Steve: Incompetence, distractions, all kinds of reasons

You do seem to have rather long gaps between your releases.

Sally: We did step away after the Southern Fried album [2004’s ‘All My Favourite...A Man Called Adam’]. It’s a lovely label and everybody involved in it is lovely, but for us that album was kind of a compromise.

Why is that?

Sally: We were supposed to have a new album out in the early noughties on Pagan, but Pagan went bust. The idea was that after that came out ,we were going to turn into more of a gigging band. We had nice musicians — some of the guys from the Divine Comedy were involved — and we were ready to do it. Everything was in place, everything was lovely. But after Pagan went bust, the album didn’t really fit anywhere else. Southern Fried was like, ‘Okay, we’ll take some of it, but make it sound like your Ibiza chill-out tracks.’ So we did — we did have a studio to pay for! But it wasn’t really what we were supposed to be doing.

That period, the early noughties, was a weird time in the industry anyway. We ended up just stepping back. We went to Cornwall, Steve studied sound design, we went more experimental, we did lots of songwriting.… I don’t know if we knew what to do exactly, so we did a bit of everything. It was very self-indulgent, but I guess we were very lucky to be able to be self-indulgent.

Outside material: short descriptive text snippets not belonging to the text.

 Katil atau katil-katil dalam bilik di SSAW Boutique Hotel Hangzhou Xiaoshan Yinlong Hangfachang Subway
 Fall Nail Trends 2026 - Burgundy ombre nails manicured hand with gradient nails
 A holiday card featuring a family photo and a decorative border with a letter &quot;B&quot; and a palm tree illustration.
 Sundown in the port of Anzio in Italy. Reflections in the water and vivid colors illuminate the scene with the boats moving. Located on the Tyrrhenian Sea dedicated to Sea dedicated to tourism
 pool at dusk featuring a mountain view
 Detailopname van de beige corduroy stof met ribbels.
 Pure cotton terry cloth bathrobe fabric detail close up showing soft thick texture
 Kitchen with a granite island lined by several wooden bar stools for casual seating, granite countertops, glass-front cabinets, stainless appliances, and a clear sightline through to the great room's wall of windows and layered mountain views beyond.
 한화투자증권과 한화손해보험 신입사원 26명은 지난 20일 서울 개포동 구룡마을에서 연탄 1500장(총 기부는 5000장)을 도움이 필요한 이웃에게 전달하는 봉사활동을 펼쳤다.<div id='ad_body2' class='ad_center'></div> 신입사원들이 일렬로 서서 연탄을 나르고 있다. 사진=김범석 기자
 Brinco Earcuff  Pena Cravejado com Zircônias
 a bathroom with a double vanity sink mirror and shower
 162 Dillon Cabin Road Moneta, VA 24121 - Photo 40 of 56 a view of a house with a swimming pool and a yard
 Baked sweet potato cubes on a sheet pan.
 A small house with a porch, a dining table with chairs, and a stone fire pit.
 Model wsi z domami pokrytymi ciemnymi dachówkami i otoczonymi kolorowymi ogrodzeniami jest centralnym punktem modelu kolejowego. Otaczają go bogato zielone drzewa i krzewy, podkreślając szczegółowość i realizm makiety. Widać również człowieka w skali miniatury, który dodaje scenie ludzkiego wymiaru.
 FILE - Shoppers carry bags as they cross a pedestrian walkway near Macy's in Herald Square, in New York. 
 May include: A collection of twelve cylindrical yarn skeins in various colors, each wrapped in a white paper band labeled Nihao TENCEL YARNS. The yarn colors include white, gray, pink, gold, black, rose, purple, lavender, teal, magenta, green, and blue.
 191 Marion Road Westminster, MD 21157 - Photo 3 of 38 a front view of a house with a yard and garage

Is much of the material in ‘Oddities & Rarities’ from that period?

Sally: Yeah, this album is largely about this period where nobody knew what we were doing, when we were doing loads of stuff but not letting people hear it.

You said that you’re anti-nostalgia - does it ever get frustrating for you that people still expect you to be the A Man Called Adam of the ’90s, making music like ‘Barefoot in the Head’ and ‘Easter Song’?

Steve: What did that guy say? ‘Why don’t you make songs like ‘Estelle’ anymore?

Sally: Yeah, that was a recent comment on our Facebook page! It used to bother us a little bit. There was a period where we didn’t have a record without a picture of a fucking sunset on it. We were like, enough already with the fucking sunsets! We don’t even go to Ibiza anymore! [laughs] But now, actually, we’re very, very happy that we have those songs. Not only do they help with the bills, they are actually quite meaningful to people. I mean, maybe somebody named their baby Estelle, or somebody played it at their grandmother’s funeral, or somebody asks us to sign their copy of ‘Barefoot in the Head’ because that was the song playing when they met. Who could be anything but grateful and proud and happy about that?

'Love Forgotten: Oddities & Rarities Part 1' (Other Records) is out via Bandcamp; Part 2 will be available early February.